I love the slow-television reveal of the landscape as I breast the rise on Wilby Lane out of Great Doddington and watch the spire of St. Mary's on the far side of the valley increase in size as I approach. The drop down to the Swanspool Brook is steep for thirty metres or so, but up the other side I'm immediately into Wilby. I push open the church door as quietly as I can. There's still a loud creak. The Rector, Jackie Buck, is nearing the climax of their once monthly weekday Eucharist. For a few moments I sit on a chair at the back, and then go up to share communion with five church members surprised to find themselves suddenly a congregation of six. When the service is over, there's coffee and home-made cake. I introduce myself to Janet, Eileen, John, Margaret and Julia. They tell me a bit about the parish. I confide to Jackie that, looking at the long prayer list on the church notice board full-time ministry was never a vocation for me. All that giving of oneself, I say. She replies that it's a two-way process. I don't follow through on that. I'm thinking, but don't say out loud, that even Jesus felt the power drain away when someone in the crowd touched him. I know this is a rather introverted response. What personality type was Jesus? The benefice works well, Jackie tells me. There's a lot of sharing between Wilby and her two other churches at Ecton and Great Doddington.

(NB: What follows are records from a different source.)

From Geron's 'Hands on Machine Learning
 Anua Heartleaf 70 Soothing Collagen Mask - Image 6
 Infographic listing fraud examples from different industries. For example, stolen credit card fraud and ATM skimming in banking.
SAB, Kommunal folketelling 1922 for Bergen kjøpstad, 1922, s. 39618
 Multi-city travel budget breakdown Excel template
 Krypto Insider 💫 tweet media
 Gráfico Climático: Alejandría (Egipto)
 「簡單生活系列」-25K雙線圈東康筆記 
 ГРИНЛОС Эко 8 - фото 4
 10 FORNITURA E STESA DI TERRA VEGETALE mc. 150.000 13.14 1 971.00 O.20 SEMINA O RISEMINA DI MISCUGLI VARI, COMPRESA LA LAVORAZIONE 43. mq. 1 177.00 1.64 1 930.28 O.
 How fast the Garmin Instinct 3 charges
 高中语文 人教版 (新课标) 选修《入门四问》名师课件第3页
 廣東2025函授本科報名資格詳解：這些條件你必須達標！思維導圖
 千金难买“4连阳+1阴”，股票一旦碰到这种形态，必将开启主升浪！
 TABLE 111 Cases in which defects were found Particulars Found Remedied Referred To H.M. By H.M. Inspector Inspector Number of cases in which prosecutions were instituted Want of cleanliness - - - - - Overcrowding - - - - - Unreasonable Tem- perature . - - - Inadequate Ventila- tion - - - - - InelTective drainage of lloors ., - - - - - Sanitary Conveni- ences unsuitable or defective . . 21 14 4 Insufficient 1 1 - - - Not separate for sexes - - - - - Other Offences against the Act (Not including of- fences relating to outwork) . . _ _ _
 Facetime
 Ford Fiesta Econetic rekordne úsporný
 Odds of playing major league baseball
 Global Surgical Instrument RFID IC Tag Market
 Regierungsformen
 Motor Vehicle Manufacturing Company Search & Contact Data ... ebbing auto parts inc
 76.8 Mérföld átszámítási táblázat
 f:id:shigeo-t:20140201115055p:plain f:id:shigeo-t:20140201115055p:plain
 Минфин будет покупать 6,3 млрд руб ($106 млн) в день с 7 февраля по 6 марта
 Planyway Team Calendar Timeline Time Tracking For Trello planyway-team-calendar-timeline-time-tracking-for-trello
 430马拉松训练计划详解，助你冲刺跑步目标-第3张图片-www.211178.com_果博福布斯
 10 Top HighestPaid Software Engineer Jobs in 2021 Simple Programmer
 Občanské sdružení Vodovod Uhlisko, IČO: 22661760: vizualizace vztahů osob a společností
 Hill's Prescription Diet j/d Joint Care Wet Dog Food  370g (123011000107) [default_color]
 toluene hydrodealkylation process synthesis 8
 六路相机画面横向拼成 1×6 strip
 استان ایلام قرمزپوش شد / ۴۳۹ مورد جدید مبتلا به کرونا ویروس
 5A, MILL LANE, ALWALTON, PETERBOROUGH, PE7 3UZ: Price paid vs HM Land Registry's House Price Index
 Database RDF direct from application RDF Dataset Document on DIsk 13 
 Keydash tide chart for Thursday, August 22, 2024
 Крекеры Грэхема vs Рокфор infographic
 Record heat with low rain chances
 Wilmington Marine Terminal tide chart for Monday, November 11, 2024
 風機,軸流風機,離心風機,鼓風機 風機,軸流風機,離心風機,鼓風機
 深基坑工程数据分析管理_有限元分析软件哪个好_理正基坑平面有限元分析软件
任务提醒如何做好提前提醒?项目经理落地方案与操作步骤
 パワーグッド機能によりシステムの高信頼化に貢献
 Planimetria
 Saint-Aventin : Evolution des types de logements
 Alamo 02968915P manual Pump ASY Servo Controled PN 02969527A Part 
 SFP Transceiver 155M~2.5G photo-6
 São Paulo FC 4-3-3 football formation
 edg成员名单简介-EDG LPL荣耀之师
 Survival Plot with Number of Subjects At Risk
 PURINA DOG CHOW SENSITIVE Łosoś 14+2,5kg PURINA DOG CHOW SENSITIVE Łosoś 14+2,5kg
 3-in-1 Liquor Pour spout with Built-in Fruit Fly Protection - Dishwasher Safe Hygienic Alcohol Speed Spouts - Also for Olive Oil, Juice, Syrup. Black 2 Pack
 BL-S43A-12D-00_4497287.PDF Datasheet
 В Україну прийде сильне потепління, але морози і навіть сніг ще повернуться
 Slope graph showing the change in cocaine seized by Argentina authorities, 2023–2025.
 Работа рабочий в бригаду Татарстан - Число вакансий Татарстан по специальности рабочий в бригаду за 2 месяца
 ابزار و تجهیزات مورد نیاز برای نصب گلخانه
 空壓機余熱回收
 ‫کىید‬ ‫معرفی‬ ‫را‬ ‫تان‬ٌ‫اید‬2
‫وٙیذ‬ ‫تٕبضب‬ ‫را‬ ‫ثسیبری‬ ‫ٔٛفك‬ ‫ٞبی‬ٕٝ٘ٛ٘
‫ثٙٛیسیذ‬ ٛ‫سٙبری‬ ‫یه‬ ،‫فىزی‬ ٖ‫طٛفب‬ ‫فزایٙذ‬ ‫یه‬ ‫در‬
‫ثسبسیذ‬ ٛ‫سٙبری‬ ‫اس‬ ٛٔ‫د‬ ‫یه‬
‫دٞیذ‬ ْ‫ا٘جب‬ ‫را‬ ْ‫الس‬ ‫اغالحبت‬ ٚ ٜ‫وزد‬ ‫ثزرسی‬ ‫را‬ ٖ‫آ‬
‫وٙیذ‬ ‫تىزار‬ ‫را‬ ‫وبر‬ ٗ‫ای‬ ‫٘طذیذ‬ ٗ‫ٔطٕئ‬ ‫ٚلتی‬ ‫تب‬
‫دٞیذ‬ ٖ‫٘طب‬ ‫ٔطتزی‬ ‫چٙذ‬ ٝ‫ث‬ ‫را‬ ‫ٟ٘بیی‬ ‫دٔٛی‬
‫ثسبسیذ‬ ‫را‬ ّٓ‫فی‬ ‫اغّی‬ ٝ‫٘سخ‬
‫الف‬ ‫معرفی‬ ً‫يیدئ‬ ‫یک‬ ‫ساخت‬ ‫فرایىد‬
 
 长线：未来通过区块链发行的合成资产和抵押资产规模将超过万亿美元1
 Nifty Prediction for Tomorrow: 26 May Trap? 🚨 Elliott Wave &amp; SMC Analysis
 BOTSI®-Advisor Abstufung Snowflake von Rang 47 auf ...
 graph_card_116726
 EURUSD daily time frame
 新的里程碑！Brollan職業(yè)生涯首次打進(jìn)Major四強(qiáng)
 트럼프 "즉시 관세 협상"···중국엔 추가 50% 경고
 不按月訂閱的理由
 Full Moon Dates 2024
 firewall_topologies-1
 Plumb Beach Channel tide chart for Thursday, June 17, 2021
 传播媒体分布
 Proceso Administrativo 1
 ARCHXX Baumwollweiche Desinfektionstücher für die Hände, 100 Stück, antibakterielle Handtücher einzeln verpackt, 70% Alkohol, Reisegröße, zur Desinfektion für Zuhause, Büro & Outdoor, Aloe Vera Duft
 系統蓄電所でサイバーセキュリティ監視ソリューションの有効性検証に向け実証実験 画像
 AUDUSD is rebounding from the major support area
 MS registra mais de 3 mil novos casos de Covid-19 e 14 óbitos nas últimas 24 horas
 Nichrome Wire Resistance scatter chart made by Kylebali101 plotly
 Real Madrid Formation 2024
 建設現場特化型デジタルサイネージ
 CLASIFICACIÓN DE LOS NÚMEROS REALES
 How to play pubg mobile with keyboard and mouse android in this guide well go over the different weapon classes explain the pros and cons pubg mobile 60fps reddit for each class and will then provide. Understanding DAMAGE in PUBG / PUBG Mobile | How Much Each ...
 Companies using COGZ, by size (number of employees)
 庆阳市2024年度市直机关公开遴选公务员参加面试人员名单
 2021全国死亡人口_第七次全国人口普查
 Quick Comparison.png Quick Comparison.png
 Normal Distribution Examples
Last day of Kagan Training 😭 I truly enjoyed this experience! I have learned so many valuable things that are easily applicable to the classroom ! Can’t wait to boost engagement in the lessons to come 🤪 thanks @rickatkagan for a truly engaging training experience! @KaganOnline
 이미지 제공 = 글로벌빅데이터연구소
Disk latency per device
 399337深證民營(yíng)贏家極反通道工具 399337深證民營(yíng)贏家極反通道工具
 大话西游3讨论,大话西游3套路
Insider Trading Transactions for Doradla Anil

Away from Wilby, I zig-zag through the Wellingborough housing estates to St. Mark's on Queensway. As so often with churches, its hall hosts a pre-school playgroup. Their Lenten meetings have been using a Rowan Williams text as a study focus - tough and intellectual stuff. Mandy Cuthbertson, the vicar, is moving on to be the Diocesan Advisor for the Healing Ministry. In the relevant pages on the Peterborough website Mandy says: '...I believe the Healing Ministry is not a sideline of the Church's ministry and mission, but an integrated part of it, for it was at the heart of Jesus' own ministry and teaching...'  The footnote to the page adds 'If you are concerned about any unusual, puzzling or troubling incidents, please contact the Bishop's office'. I very frequently am of course, but I suspect they wouldn't appreciate me phoning up every five minutes about the things which trouble me!

Off the hill and closer to the town centre is St. Barnabas'. It represents a slightly earlier period of church building than St. Mark's sixties' small-scale functionalism. I guess St. Barnabas' to be a creature of the nineteen thirties, massively brick built, like a holy relative of Cambridge's blank-faced, monolithic University Library, though in a much nicer material. It's no surprise to find that both churches are closed to visitors today. How could it be otherwise in this untidy, needy town? The descent into Wellingborough down Oxford Road is bleak, although it's personal memories which colour that. There to my left is Westlands Care Home where lovely Joan, my mother-in-law spent her last months declining into a largely benign dementia, which for all its benignity was immensely distressing for those of us who watched. She'd always been an energetic, kindly soul, known to many in Weston Favell because she believed you ought to be nice to and interested in everyone you met, even if you merely passed them in the street. Her talent for creative play made our Matt the man he is now, capable of deep thought, possessed of an amazing, compassionate work ethic, and a capacity for the best kind of silliness.

I stop by the Tithe Barn, and think of the monks of Croyland Abbey who founded an outpost of their fenland House here by the Swanspool and were rewarded by having a car dealership named after them. Because of them ancient Waendelburgh grew to become today's Wellingborough. The old name survives in the annual Maytime 'Waendel Walk' which beats the bounds of the town.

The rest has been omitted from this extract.